Too easy to be distracted and lose hope

As a child in Mayo, I always had a great sense of the potential for hope that comes with this time of the year. We had three wooden lake boats for fishing on Lough Mask, and every winter, they were upturned in our garden and allowed to hibernate against the harsh winds and rain while the fishing season remained shut. And then in late January, the boats would be turned again and the process of getting them ready for a new season would begin.

The old and weathered paint would be stripped off with scrapers and gas torches, gaps in the wood were filled with Isopon and putty. The ribs of the boat would be checked for cracks and if needed, new ribs would be created, heating them until they bent in a rubber pipe, and then bolted in with copper bolts and washers. When it was all sanded down and washed, it would be time to apply three coats of thick gloss, normally blue, with a different colour picked every year for the top board. The seat knees would be varnished, the floorboards and oars put in place, and the engines, a three or four horsepower Seagull that you’d start with a knotted rope, would be geared up and ready for the lake.
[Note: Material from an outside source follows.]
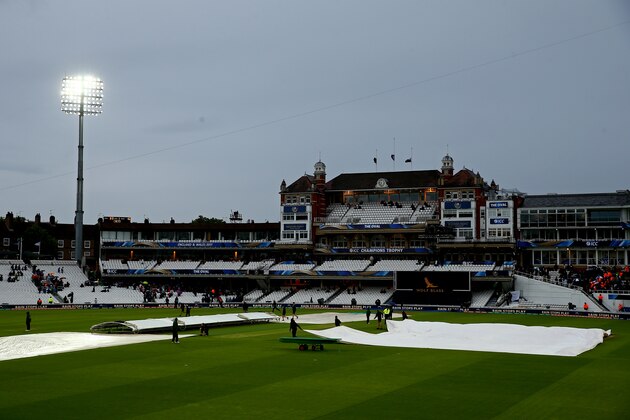 LONDON, ENGLAND - JUNE 05:  Groundstaff pull the covers on as rain delays play during the ICC Champions Trophy match between Australia and Bangladesh at The Kia Oval on June 5, 2017 in London, England.  (Photo by Jordan Mansfield/Getty Images)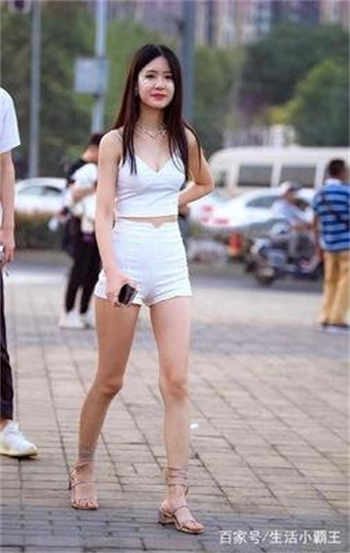 白裤子看到卫生巾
With the lake fishing season almost upon us again dates wise, my thoughts this week went to those activities but not so much for what they were, but for what they represented. For us, the boats on the lake would shape the excitement of the Spring, the summer, the autumn. With anglers coming far and wide for my late Dad to gilly for them, to guide them to the best places to fish, to avoid the rocks, to advise them on flies such as Green Peters and the Golden Olives, dapping and trolling.

Painting the boats in February also represented a welcome few bob for the house in times that were far leaner than now. They represented exotic visitors to the house, friendly Germans, austere French, personable Swiss and of course many from the four corners of our nearest neighbours. When we painted those boats and made them ready, we did not know what lay ahead on the lakes each year. Whether they would bring camaraderie and joy, or tragedy and sadness?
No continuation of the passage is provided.